▶ _TO DO_:
Please output every line of the material as it stands, without the pictures.

(GIVEN MATERIAL Opens)

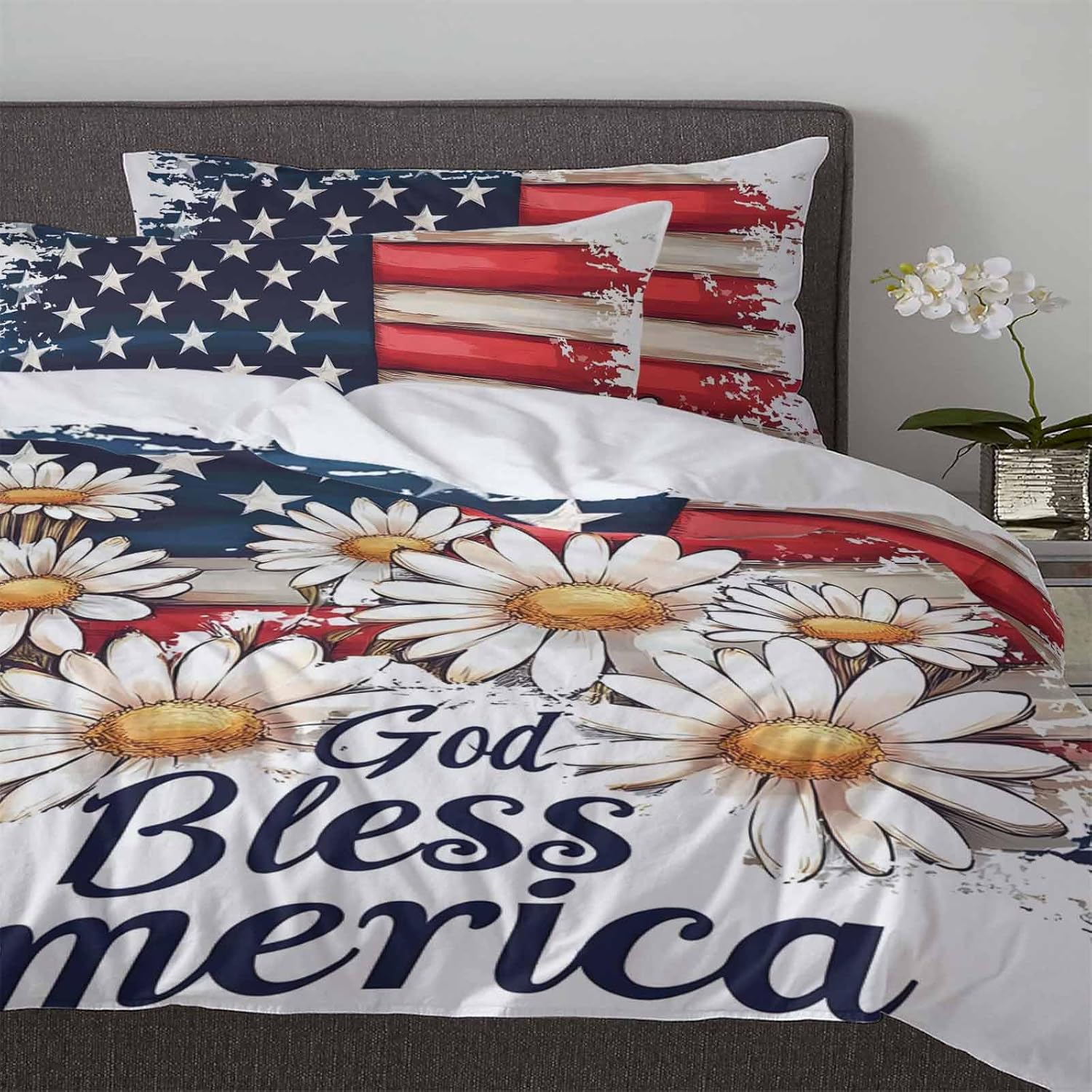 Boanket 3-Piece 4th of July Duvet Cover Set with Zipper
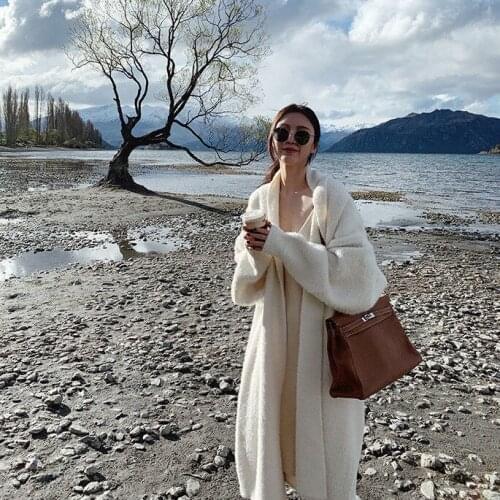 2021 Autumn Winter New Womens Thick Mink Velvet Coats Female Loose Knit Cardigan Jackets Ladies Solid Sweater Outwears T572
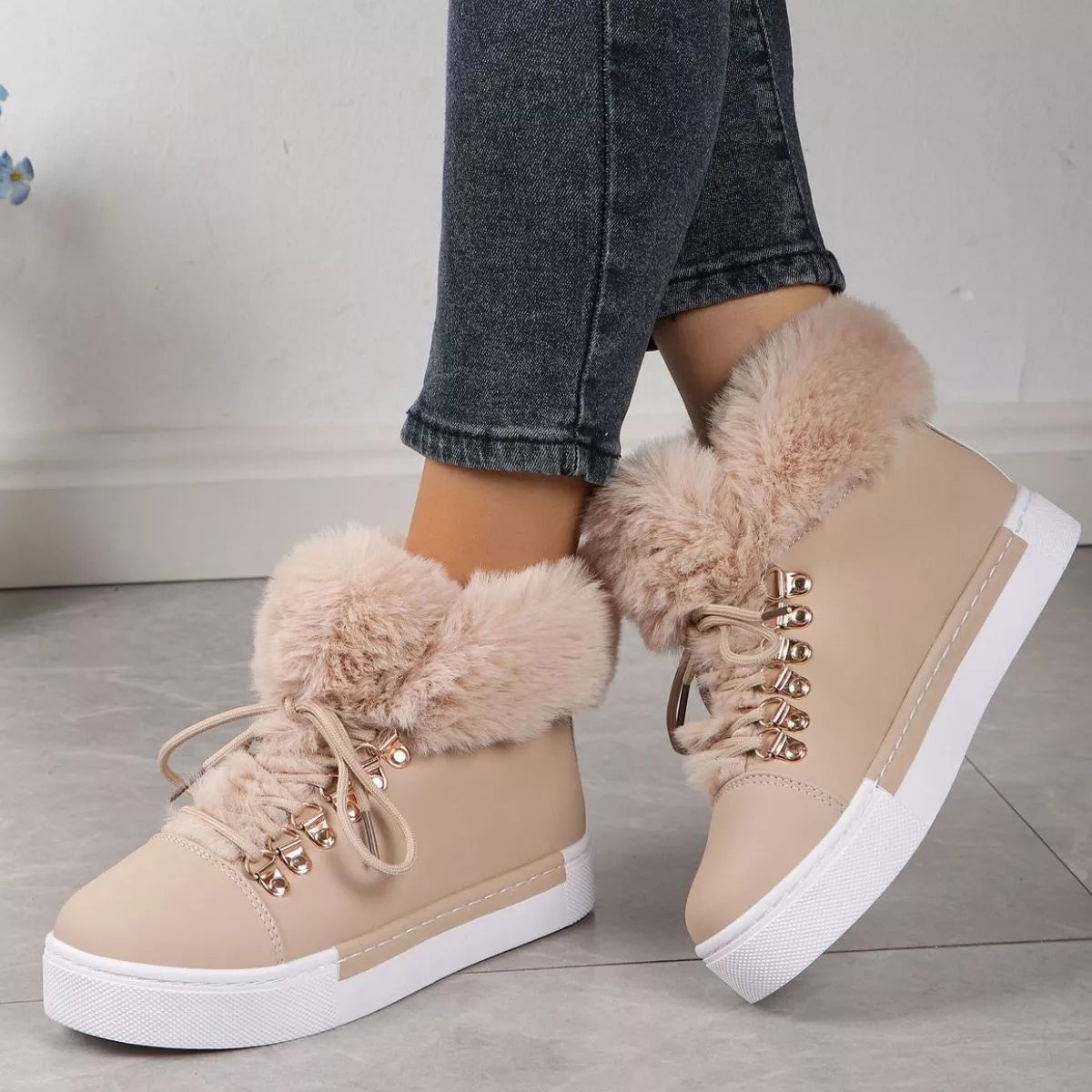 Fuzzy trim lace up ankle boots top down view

(GIVEN MATERIAL Closes)

▶ _OUTPUT FOR THIS TASK_:
 Boanket 3-Piece 4th of July Duvet Cover Set with Zipper
 2021 Autumn Winter New Womens Thick Mink Velvet Coats Female Loose Knit Cardigan Jackets Ladies Solid Sweater Outwears T572
 Fuzzy trim lace up ankle boots top down view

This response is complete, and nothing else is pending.